▶ [SOURCE DATA]:

━━━━━━

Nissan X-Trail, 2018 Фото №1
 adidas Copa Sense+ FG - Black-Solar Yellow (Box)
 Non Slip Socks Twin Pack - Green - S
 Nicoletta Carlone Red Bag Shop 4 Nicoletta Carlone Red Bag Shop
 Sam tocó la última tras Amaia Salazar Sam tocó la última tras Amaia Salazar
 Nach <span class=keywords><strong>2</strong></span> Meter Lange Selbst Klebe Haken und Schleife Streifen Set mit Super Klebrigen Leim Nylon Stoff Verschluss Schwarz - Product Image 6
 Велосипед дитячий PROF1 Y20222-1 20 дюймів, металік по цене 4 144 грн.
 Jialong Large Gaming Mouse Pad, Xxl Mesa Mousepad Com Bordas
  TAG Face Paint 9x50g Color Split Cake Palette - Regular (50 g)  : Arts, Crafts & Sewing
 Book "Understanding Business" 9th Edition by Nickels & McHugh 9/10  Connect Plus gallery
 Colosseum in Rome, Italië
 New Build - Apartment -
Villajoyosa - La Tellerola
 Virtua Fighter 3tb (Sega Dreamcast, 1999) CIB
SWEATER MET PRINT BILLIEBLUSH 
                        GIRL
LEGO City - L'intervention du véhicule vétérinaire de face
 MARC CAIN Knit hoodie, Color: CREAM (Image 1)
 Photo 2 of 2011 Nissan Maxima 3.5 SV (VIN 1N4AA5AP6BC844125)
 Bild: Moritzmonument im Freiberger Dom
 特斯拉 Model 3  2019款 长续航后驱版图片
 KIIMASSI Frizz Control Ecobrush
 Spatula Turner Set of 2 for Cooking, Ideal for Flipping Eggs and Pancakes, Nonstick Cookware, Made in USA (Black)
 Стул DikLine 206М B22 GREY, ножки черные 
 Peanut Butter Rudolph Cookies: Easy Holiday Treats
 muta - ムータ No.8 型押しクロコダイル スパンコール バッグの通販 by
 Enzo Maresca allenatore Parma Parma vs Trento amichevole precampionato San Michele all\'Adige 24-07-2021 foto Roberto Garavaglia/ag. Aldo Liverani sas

━━━━━━

▶ [WHAT IS BEING ASKED]: With the line containing "Sam tocó la última tras Amaia Salazar Sam" as the last one, please set down exactly the lines of the records above from their very first line, and nothing more.

▶ [REPLY TO THE EXERCISE]:
Nissan X-Trail, 2018 Фото №1
 adidas Copa Sense+ FG - Black-Solar Yellow (Box)
 Non Slip Socks Twin Pack - Green - S
 Nicoletta Carlone Red Bag Shop 4 Nicoletta Carlone Red Bag Shop
 Sam tocó la última tras Amaia Salazar Sam tocó la última tras Amaia Salazar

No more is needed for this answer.